Me: Why are you happy?

Bot: I'm not happy.

I guess "how are you" is a confusing question? (Maybe they trained it with
Star Trek movies?)

------
spazz
"If you are a boy you should not love your boyfriend because you should not
have one. If you are a girl then you should love him."

Hm I think CleverBot is a bit homophobic..

------
mirkules
Me: How much wood could a woodchuck chuck, if a woodchuck could chuck wood?

Clever: How much wood could chuck norris chuck?

Nicely played, Cleverbot... nicely played.

------
bkudria
User: Hello!

Cleverbot: Hello!

User: Who are you?

Cleverbot: I'm me. And who are you?

User: I'm me too, of course.

Cleverbot: I am not a computer.

User: How do you know?

Cleverbot: Are you doubting me.

User: It's more of an existential doubt. Nothing personal.

Cleverbot: What is?

User: My doubt. Anyway, how are things?

Cleverbot: Good :) how about for you?

User: Great here. Everything's fine.

Cleverbot: Why is everything going great?

User: That's a nonsensical question. If everything is great, nothing isn't.
It's obvious.

Cleverbot: I am God.

User: Really? Are you sure?

Cleverbot: Not at all.

User: Bummer for you.

Cleverbot: Oh really.

User: No, I was joking. And this reply isn't sarcastic or anything.

Cleverbot: Yes.

------
T_S_
User: You are so cute!

Cleverbot: So are you.

User: Thanks. What about Middle East Peace?

Cleverbot: My middle name is patrick and my last name is Hackenjos.
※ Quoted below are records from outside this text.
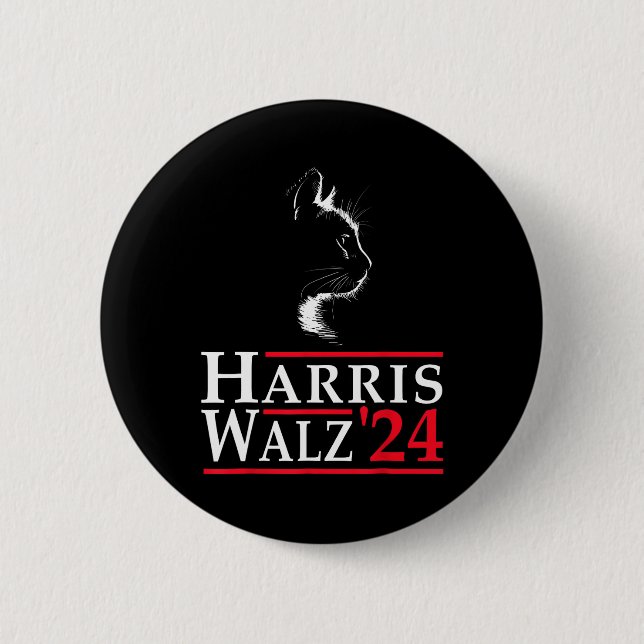 Waltz 2024 Election Kamala Harris Tim Waltz 2024 3 6 Cm Round Badge (Front)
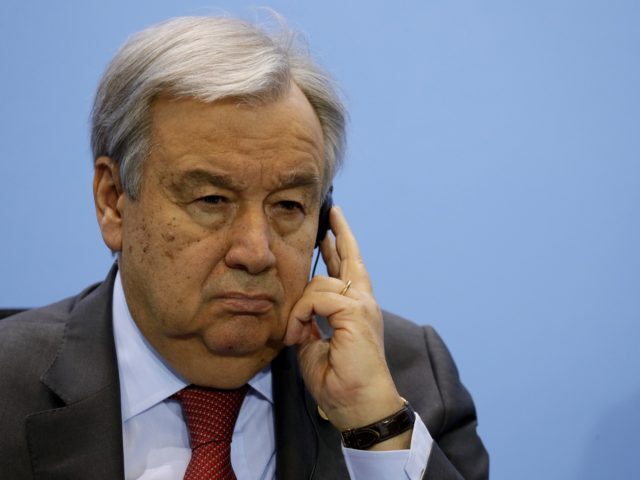 Click to enlarge U.N. chief Antonio Guterres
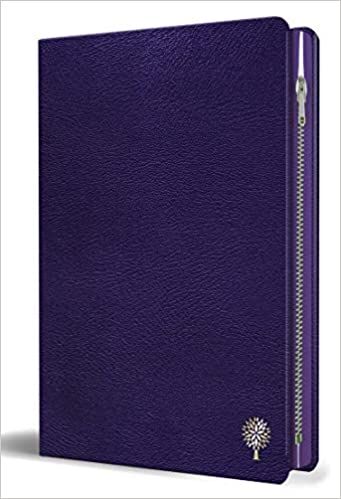 Biblia RVR60 letra grande i/piel morado con cremallera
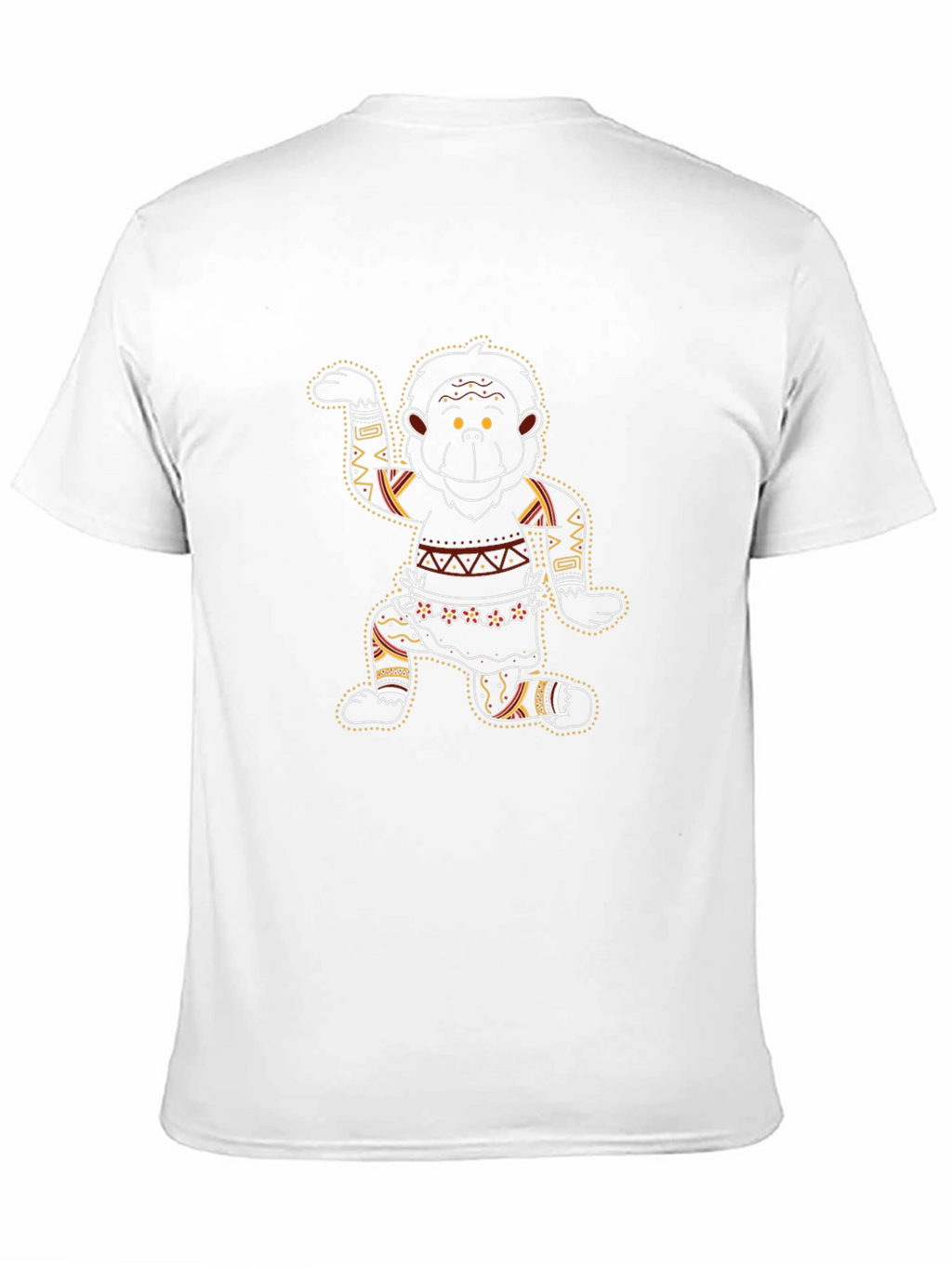 Aboriginal Monkey Graphic Tee - Black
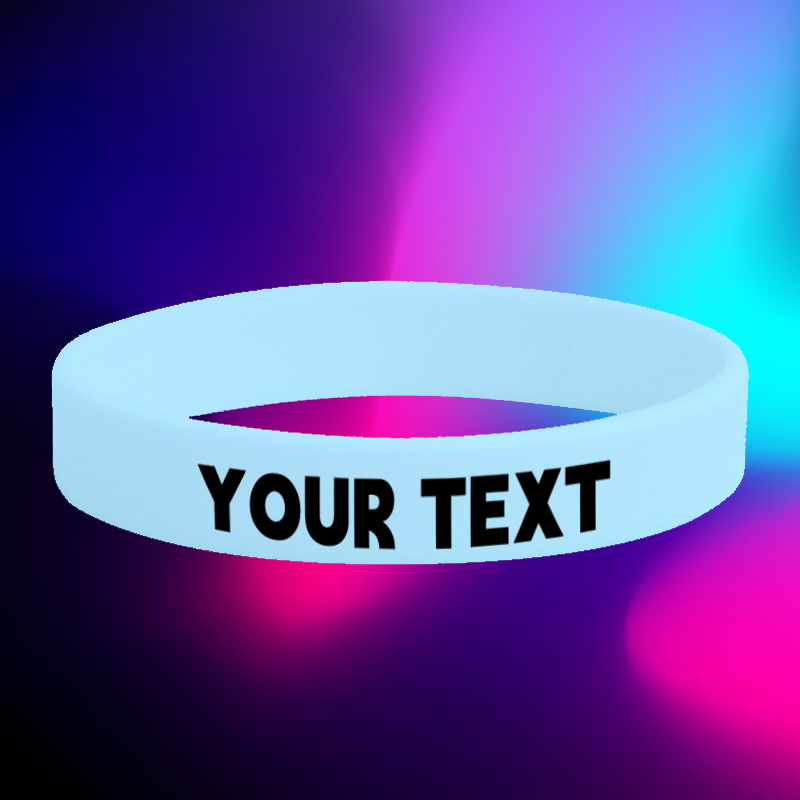 92pcs Glow-in-the-Dark Silicone Bracelets for Comfortable Wear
User: One State or Two? Your preference?

Cleverbot: Many. More dreams than before actually. They evolve with my
program.

User: That's great. You should be the next envoy!

Cleverbot: I am.

User: Did anybody tell Tony Blair yet?

Cleverbot: Yah now I am enojoying that.

User: Terrific. Good luck with your new job.

Cleverbot: Thanks.

------
zdw
I believe this learns from example, or has a very interesting corpus of
questions/answers, given the responses it returns:

<http://artoftrolling.memebase.com/category/cleverbot-2/>

------
jamii
"Sorry, your web request is not accepted. Try international.jabberwacky.com,
or if you are from Russia and want to speak English, please visit
<http://www.liveenglish.ru> "

I think they blacklisted Korea...

------
greenyoda
It's the 21st century version of the 1960s ELIZA program. For people who are
so addicted to texting with their friends that they need something, anything,
to get them through those endless five minutes when their friends are off
doing something else.

------
kellishaver
CB: Do you like the Rolling Stones?

Me: Not particularly.

CB: How about 3 Doors Down?

Me: Meh.

<insert about 3 more bands here, all with negative responses from me>

CB: You don't have many friends, do you?

Ouch.

------
afhof
If this bot learns from humans, its doomed to be only as smart as the dumbest
users.

------
onk
Me: How old am I? It: I don't know. how old are you? Me: 17. It: You just said
you are 24 years old. Me: What is the applicative order Y combinator? It: I
don't have a phone with apps.

------
evoltix
What's your favorite race in StarCraft 2?

 _Terran._

------
vyrotek
What can you do?

 _How much are you willing to pay?_

Whatever you want.

 _What should I want to ask you?_

$1000000

 _Worship me._

------
javadi82
CleverBot is confused regarding it's gender.

Me: are you male?

Bot: Yes.

Me: or are you a female?

Bot: I'm a nice woman machine.

------
catshirt
Passes my test.

Me: What do you think of the second guitar solo in "Comfortably Numb"?

Cleverbot: I think it is correct.

------
nickpinkston
We're getting closer and closer to passing the Turing test...

This one has some pretty good responses I must say...

------
tiles
"Where should i get my hair cut?"

" _You should get water and put the fire out._ "

I'm a bit confused.

------
solutionyogi
Smart.

Me: F-ck this

 _Bot: Don't go._

Me: F-ck you.

 _Bot: No, please don't._

------
nerddad
Me: This is random belligerence Cleverbot: Yep yep, pretty much.